## TRY IT
Every line below must come back exactly as it stands, with the images omitted.

## DATA FOR THIS EXERCISE
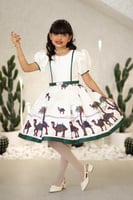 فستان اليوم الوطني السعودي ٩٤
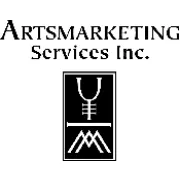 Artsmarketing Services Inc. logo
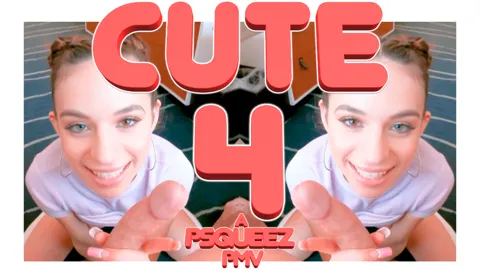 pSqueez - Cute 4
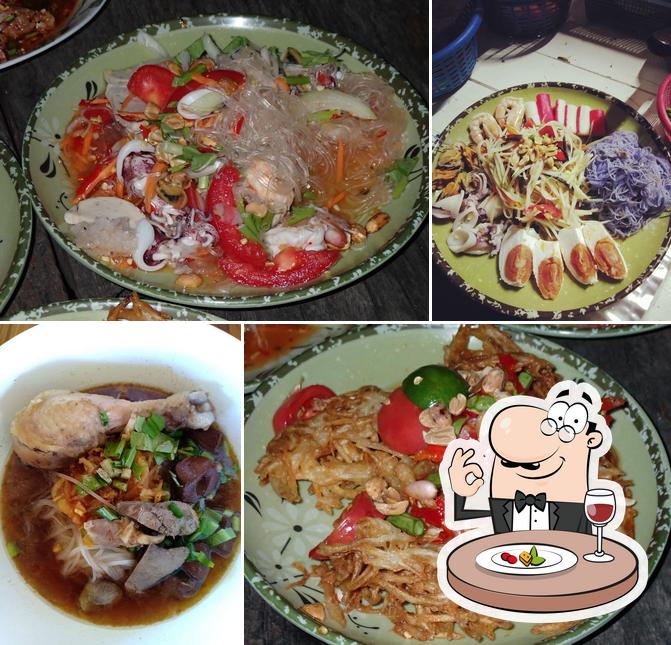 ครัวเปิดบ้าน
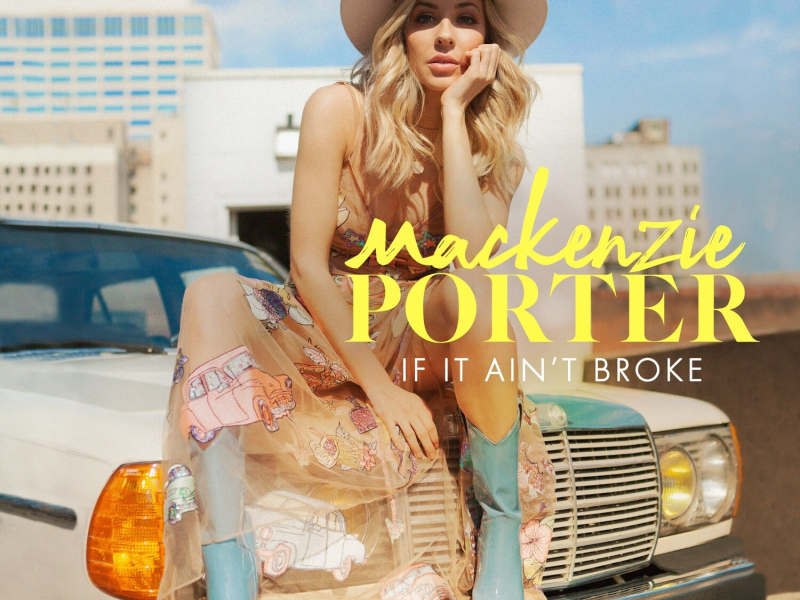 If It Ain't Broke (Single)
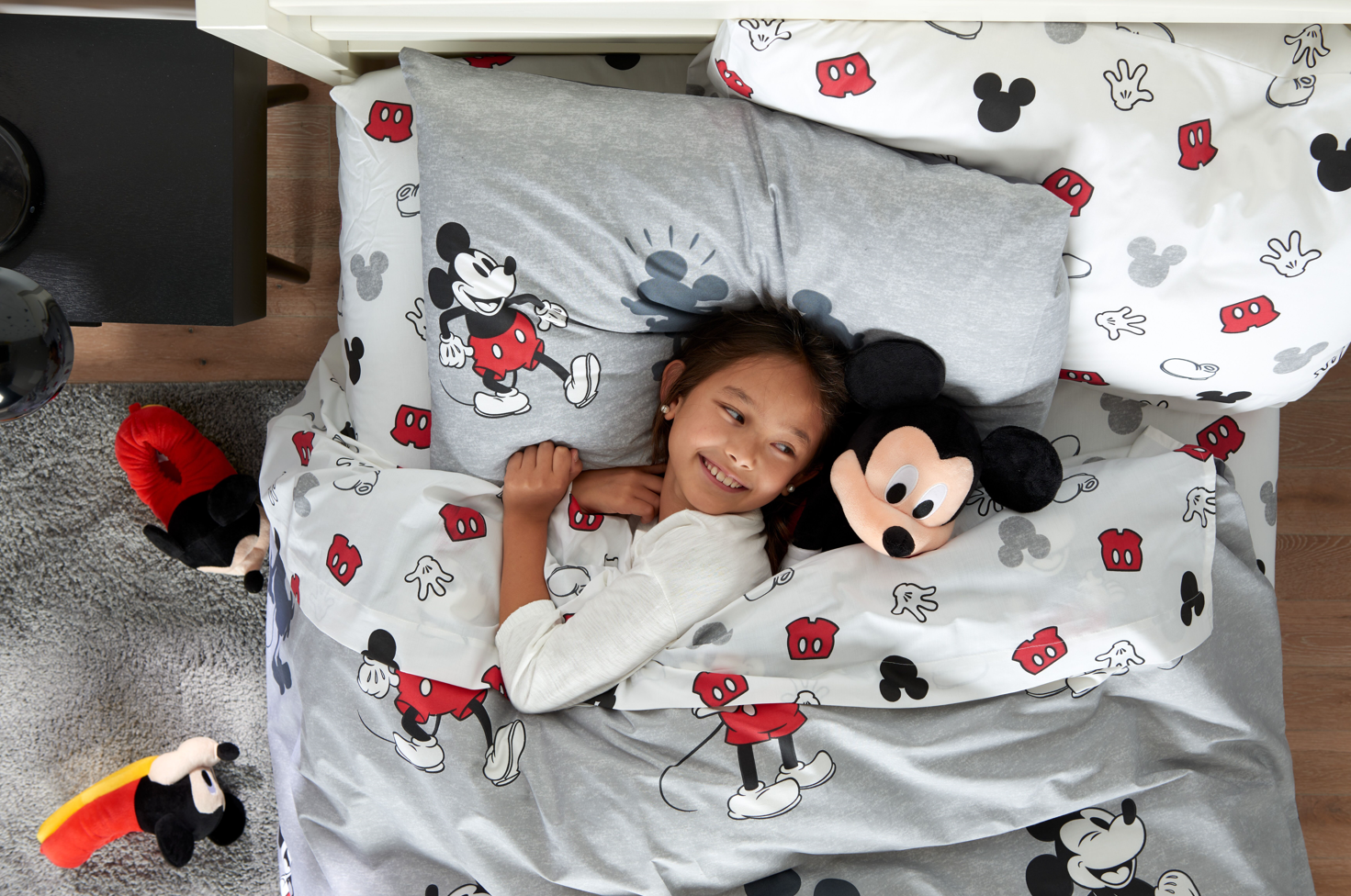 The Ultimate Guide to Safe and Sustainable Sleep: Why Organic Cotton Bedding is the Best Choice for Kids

## TASK RESULT
 فستان اليوم الوطني السعودي ٩٤
 Artsmarketing Services Inc. logo
 pSqueez - Cute 4
 ครัวเปิดบ้าน
 If It Ain't Broke (Single)
 The Ultimate Guide to Safe and Sustainable Sleep: Why Organic Cotton Bedding is the Best Choice for Kids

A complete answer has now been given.